The European Union has embarked on a unique project to map a long-overlooked but often-overheard form of pollution – noise. In 2003, regulation passed in the European Union mandated the member states to prepare by 30 June 2007 “noise pollution maps” of all major cities, roadways, railways, airports and industrial sites. The maps, it is hoped, will facilitate formulation of concrete plans to muffle the din.

Paris is the first of the cities that has stepped ahead in this direction. In a city government’s office room warmed by computers crunching numbers round the clock, engineers and cartographers have prepared the world’s first two-dimensional (2-D) and three-dimensional (3-D) maps of the clamour sickening the city and its inhabitants.

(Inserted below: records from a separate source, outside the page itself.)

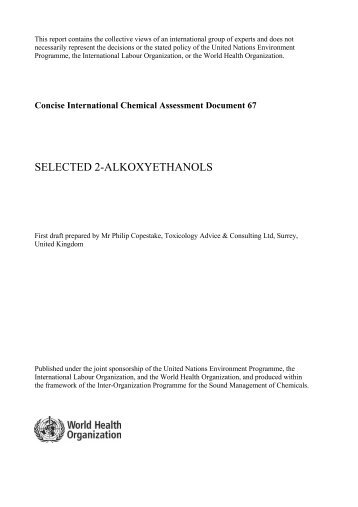 SELECTED 2-ALKOXYETHANOLS - ipcs inchem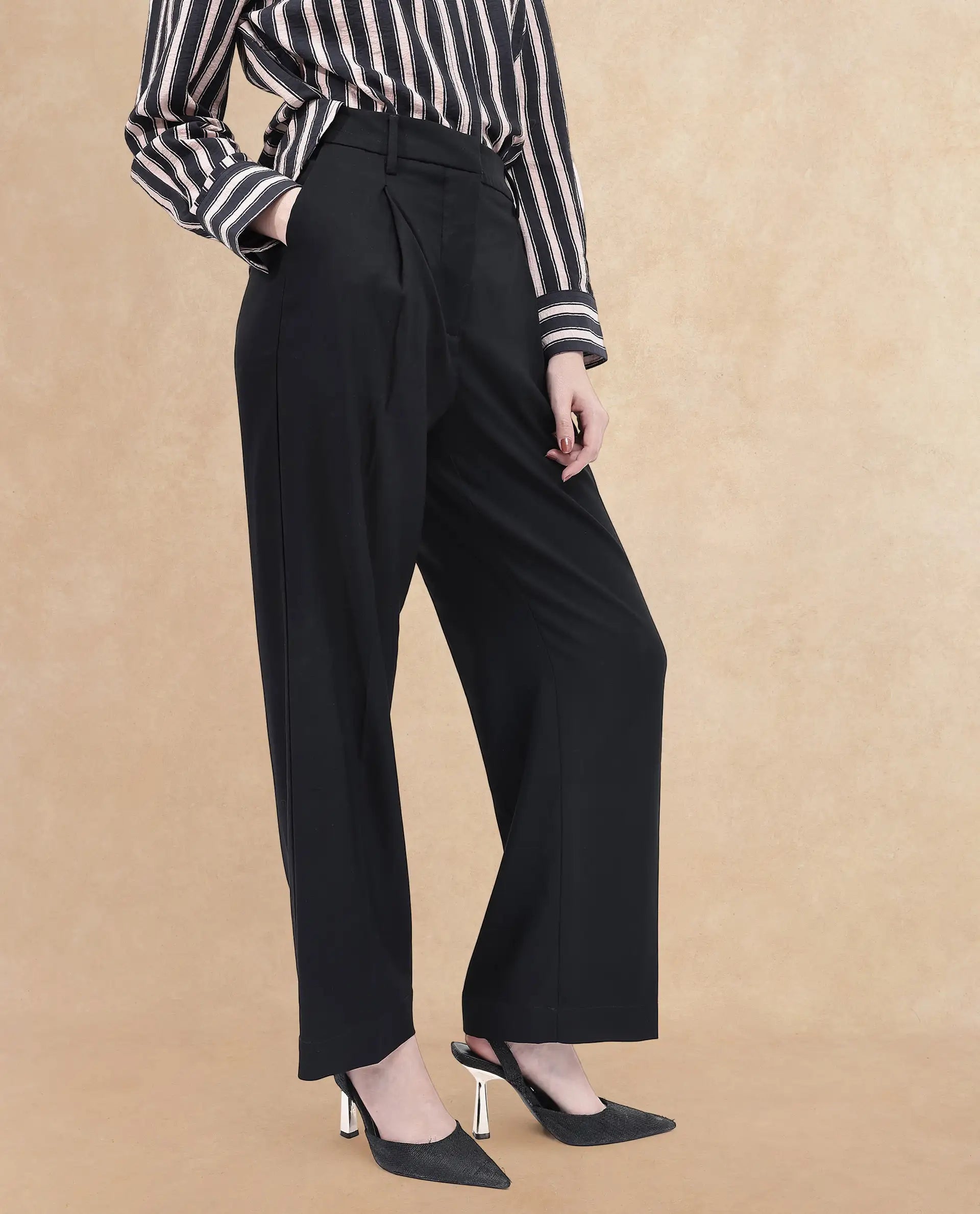 Rareism Women Nuray -SCBlack Cotton Fabric Zipper Closure Solid Regular Fit Trouser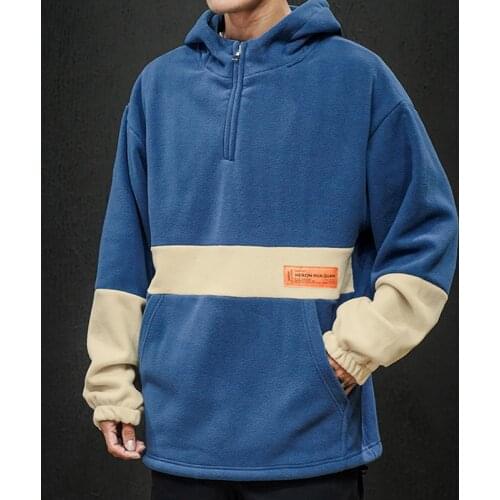 Fleece Hoodie Sweatshirt Men 2021 New Zipper Collar Harajuku Hoodies Men High Street Hooded Sweatshirts Fashion Patchwork Tops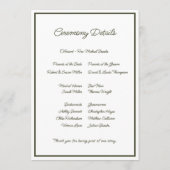 Olive Floral Wedding Programma (Achterkant)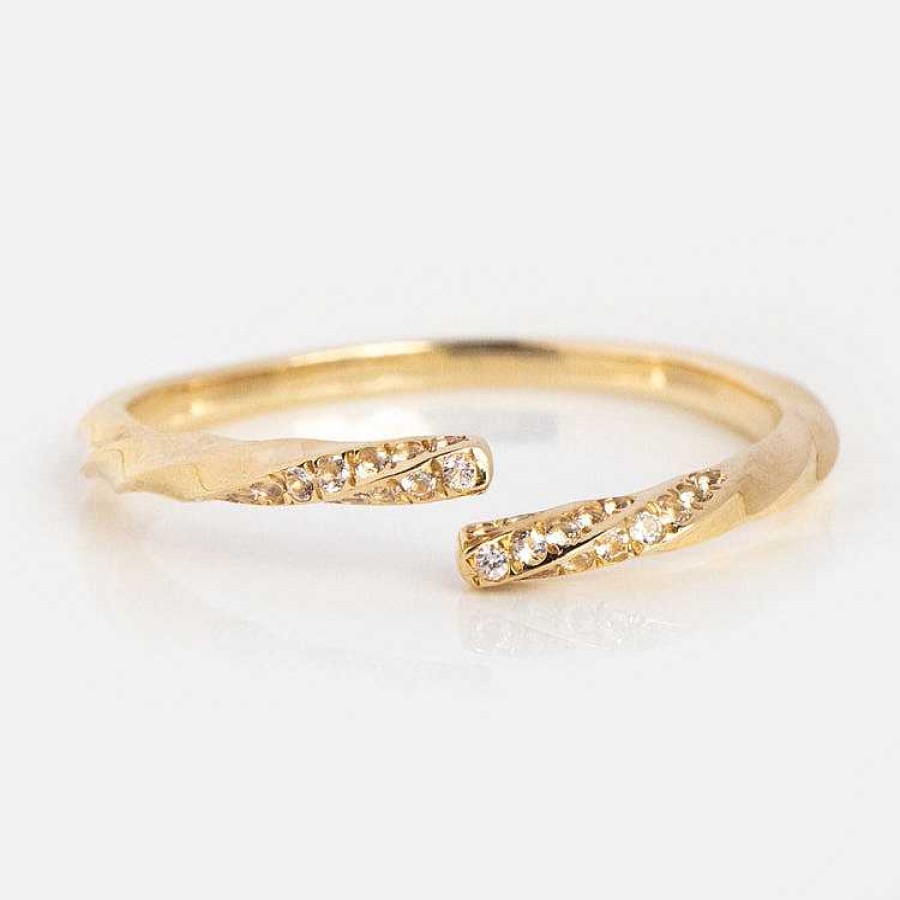 Local Eclectic Solid Gold Pave Wrap Ring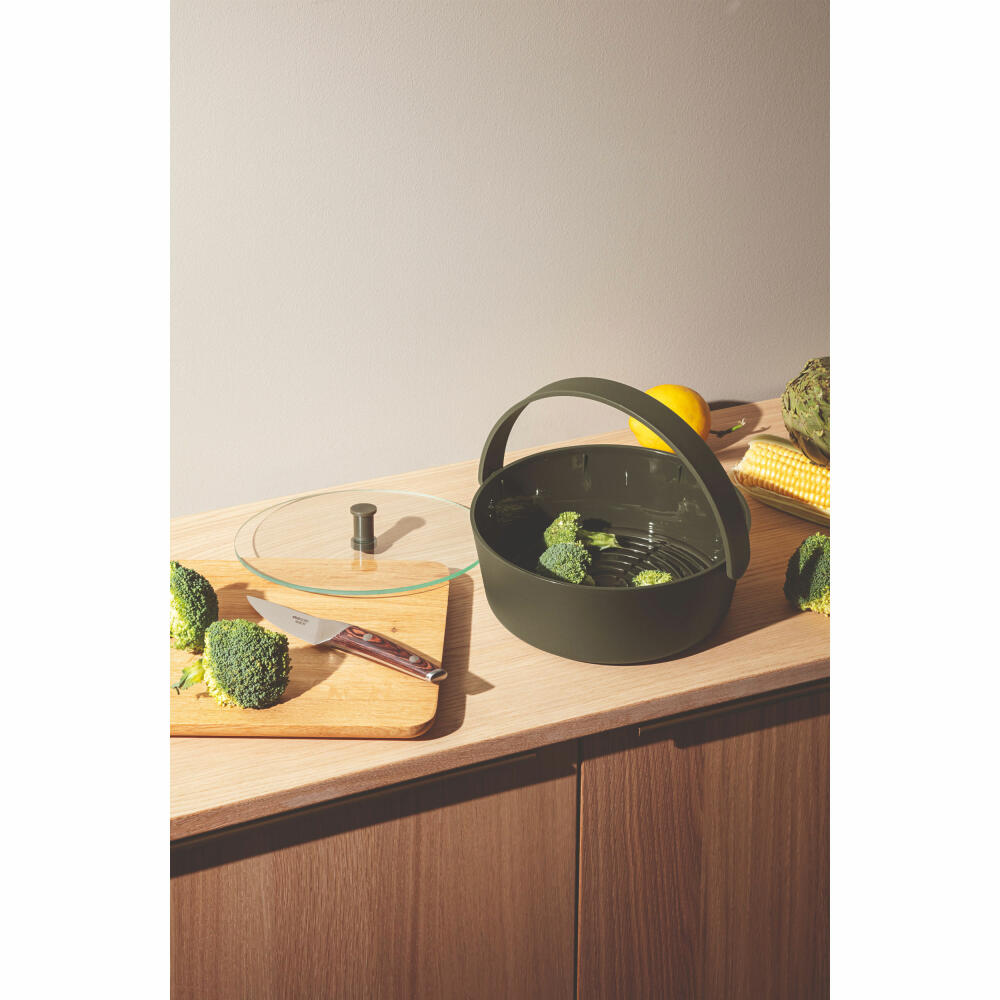 Eva Solo Mikrowellendämpfer Green Tool, Dampfgarer, Dämpfer für Mikrowelle, Glas, Kunststoff, Dunkelgrün, 2 L, 531413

The computer simulations reveal the noise levels in the way x-rays reveal broken bones. The daytime maps represent road traffic in rainbow colours, ranging from green for silence to deep blue for chronic noise. The cartographic exercise has revealed that about seven per cent of Parisians regularly endure traffic noise above 71 decibels, and 46 per cent are exposed to noise levels of 61-70 decibels. Prolonged exposure to a cacophony of this order can cause high blood pressure and stress.

City planners can use the maps to find out what impact the installation of noise barriers would have – lowering of the din will be instantly denoted by a change in colour. This would help in zeroing in on the most cost-effective means to turn down the volume. The Paris officials have used “virtual microphones” to map the noise, as using real microphones would have been a hugely expensive and long-drawn out affair. Each of these “microphones” is a point in a computer model that simulates sound at a place under a set of given circumstances. A 2-D map has virtual microphones installed every two metres. The 3-D versions have microphones up the sides of buildings at three-metre intervals vertically and 10-metre intervals horizontally.

To prepare the noise maps, the French team fused the available data with digitised aerial photographs of Paris and a database of every postal address in the city. Calculations were then made on how sound propagates. For doing this, the engineers used the Mitra software, which models sound energy as rays and calculates how they interact with different sources. Mitra adds up the energy of all the sound rays that hit a microphone.

Calculating the decibels is difficult in Paris, because many of its buildings create canyons, where noise rebounds back and forth like a tennis ball. Which means, the engineers have to also take into account the noise that bounces – either off a building, or the ground, or both. It took these engineers eight computers and an entire year to produce one 3-D map of Paris. The meticulousness and the painstaking attention to detail have been rewarding – tests against real measurements show an error rate of +/- 1 decibel for the maps that have been already generated.